Compares two Unicode (wide character) strings, for a locale specified by name.
Caution Using CompareStringEx incorrectly can compromise the security of your application. Strings that are not compared correctly can produce invalid input. Test strings to make sure they are valid before using them, and provide error handlers. For more information, see Security Considerations: International Features.
Note The application should call this function in preference to CompareString if designed to run only on Windows Vista and later.

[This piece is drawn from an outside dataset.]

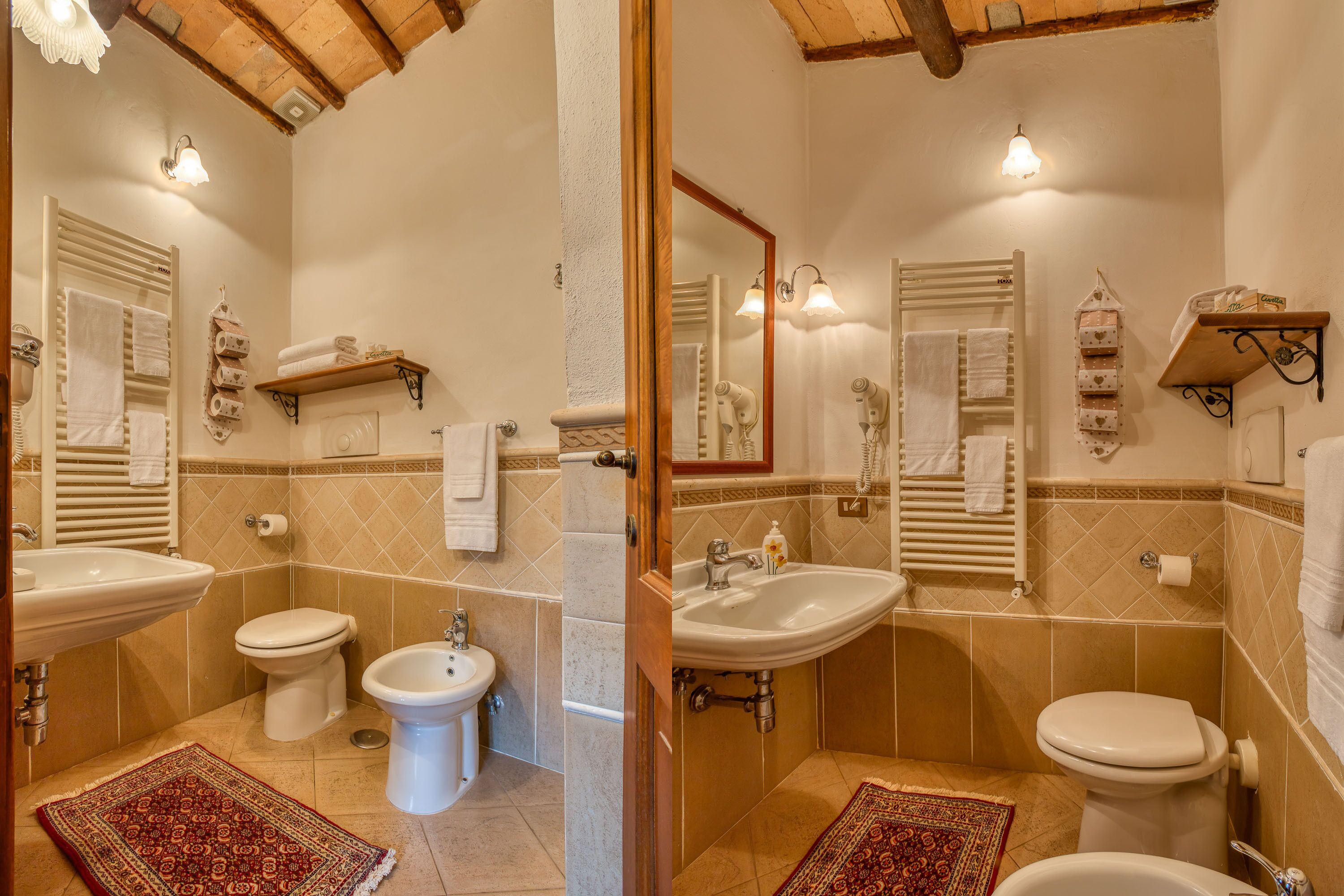 Ein Badezimmer mit Waschbecken, Toilette, Bidet und Spiegel. Handtücher hängen an der Wand und ein Ablagebereich enthält Toilettenartikel.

int CompareStringEx( _In_opt_ LPCWSTR lpLocaleName, _In_ DWORD dwCmpFlags, _In_ LPCWSTR lpString1, _In_ int cchCount1, _In_ LPCWSTR lpString2, _In_ int cchCount2, _In_opt_ LPNLSVERSIONINFO lpVersionInformation, _In_opt_ LPVOID lpReserved, _In_opt_ LPARAM lParam );
- lpLocaleName [in, optional]
Pointer to a locale name, or one of the following predefined values.
- dwCmpFlags [in]
Flags that indicate how the function compares the two strings. By default, these flags are not set. This parameter can specify a combination of any of the following values, or it can be set to 0 to obtain the default behavior.
- lpString1 [in]
Pointer to the first string to compare.
- cchCount1 [in]
Length of the string indicated by lpString1, excluding the terminating null character. The application can supply a negative value if the string is null-terminated. In this case, the function determines the length automatically.
- lpString2 [in]
Pointer to the second string to compare.
- cchCount2 [in]
Length of the string indicated by lpString2, excluding the terminating null character. The application can supply a negative value if the string is null-terminated. In this case, the function determines the length automatically.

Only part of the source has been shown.